But the SEC chair did seem to discourage others from crafting shareholder referenda similar to what Ackman and Valeant attempted with Allergan. The two players had called for shareholders to vote in an informal referendum on the deal, rather than a formal tender offer. White worried that referenda could go under the radar and get around SEC rules. She said the SEC would look closely at similar proposals in the future.

The problem is that it’s really hard to make tender offers in toe-hold deals and not get accused of insider trading, which is why Ackman and Valeant avoided it. Insider trading rules are looser with informal shareholder referendums. White did not address the inconsistencies in the insider trading rules or the tender offer catch-22. Nevertheless, activists, you’ve been warned about toe-holds.

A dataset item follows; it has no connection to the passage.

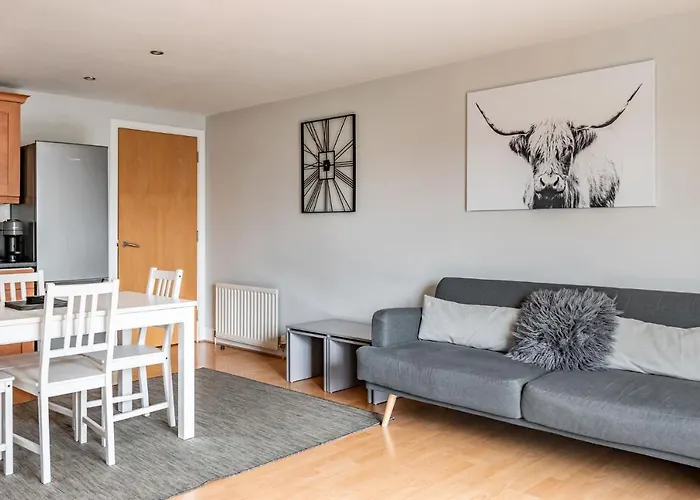 Apartment Amazing - Cables Wynd Near The Shore - Free Parking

In general, White said there was an active debate about whether activists are good for the market and the economy, and that the SEC wasn’t going to take a side on the matter. But White said that activist investment funds now have $120 billion under management, up 30% from 2014. That’s a good sign that at least investors think activism is a good thing.

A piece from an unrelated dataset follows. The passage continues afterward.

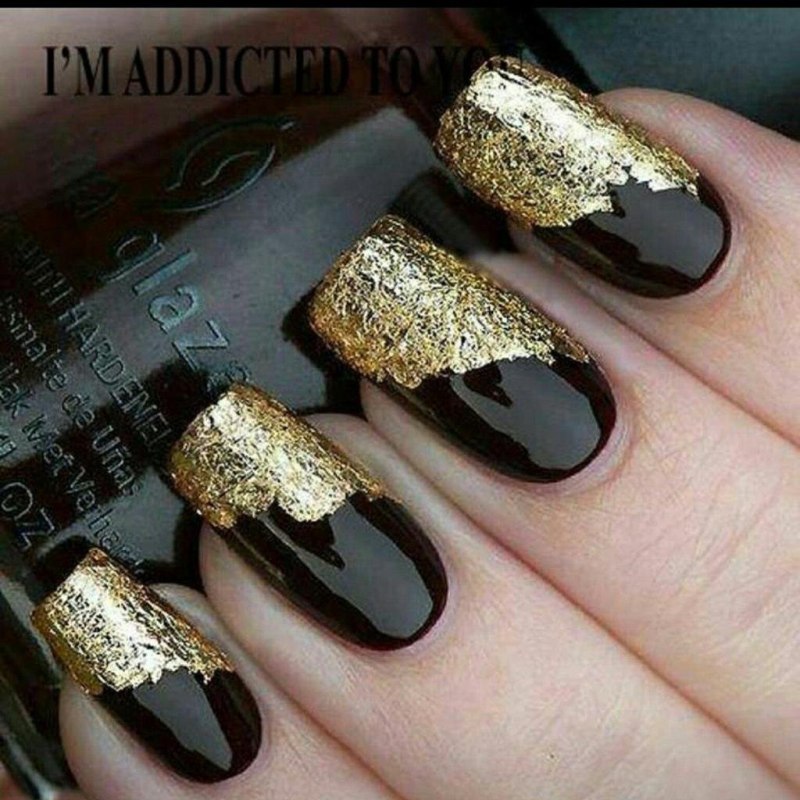 Черно-золотой маникюр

Editor’s note: A previous version of this story suggested that Bill Ackman’s Pershing Square Capital took a less than 5% stake in Allergan to avoid issuing a filing with the SEC. In fact, Ackman’s firm took a 9.7% stake in the firm and, as required, filed a disclosure with the SEC. Also, at present, Ackman has not been subject to allegations that he manipulated shares of Herbalife. Rather, consultants and lobbyists Ackman hired have been involved in such investigations.